| EXERCISE DESCRIPTION |
Look for "bathroom" in each line of the entries, and return the matching lines.

*-*-*

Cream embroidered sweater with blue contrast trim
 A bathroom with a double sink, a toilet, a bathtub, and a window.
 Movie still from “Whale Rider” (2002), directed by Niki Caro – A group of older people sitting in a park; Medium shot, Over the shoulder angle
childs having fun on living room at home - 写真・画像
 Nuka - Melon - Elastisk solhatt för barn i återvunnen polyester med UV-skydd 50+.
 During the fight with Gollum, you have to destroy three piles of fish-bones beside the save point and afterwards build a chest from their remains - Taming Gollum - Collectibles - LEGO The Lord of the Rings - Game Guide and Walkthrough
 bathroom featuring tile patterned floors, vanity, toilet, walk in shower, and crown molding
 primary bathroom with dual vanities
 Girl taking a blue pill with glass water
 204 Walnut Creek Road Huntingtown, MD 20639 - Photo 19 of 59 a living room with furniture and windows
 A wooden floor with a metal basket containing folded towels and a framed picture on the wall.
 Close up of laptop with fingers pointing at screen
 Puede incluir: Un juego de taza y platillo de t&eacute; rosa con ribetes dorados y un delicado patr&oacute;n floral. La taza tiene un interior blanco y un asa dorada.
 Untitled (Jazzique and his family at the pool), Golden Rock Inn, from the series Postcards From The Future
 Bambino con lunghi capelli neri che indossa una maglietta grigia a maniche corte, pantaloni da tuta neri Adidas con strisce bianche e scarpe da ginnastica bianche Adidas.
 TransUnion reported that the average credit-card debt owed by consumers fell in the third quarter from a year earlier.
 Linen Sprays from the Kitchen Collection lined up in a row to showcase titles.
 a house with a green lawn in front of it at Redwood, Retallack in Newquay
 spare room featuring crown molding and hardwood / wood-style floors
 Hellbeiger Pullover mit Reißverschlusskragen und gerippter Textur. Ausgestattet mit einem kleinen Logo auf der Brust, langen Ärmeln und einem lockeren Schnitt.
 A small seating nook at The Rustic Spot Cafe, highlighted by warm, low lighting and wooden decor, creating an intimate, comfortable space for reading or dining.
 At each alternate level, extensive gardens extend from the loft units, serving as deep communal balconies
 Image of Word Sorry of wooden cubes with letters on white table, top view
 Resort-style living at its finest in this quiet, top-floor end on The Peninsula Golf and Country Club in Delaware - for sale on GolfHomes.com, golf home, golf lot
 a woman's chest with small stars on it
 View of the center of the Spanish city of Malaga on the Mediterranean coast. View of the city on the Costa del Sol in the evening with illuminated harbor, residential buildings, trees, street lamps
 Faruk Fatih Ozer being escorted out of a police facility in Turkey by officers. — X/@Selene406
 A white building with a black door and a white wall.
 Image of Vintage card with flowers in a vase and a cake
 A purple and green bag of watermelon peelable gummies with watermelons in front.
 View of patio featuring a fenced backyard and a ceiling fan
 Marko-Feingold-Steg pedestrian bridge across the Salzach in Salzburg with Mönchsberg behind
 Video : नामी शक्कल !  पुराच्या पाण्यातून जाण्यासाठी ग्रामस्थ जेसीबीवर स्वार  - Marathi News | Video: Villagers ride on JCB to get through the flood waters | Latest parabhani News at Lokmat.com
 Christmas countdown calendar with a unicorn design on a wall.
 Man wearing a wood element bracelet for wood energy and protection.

*-*-*

| OUTPUT BELOW |
 A bathroom with a double sink, a toilet, a bathtub, and a window.
 bathroom featuring tile patterned floors, vanity, toilet, walk in shower, and crown molding
 primary bathroom with dual vanities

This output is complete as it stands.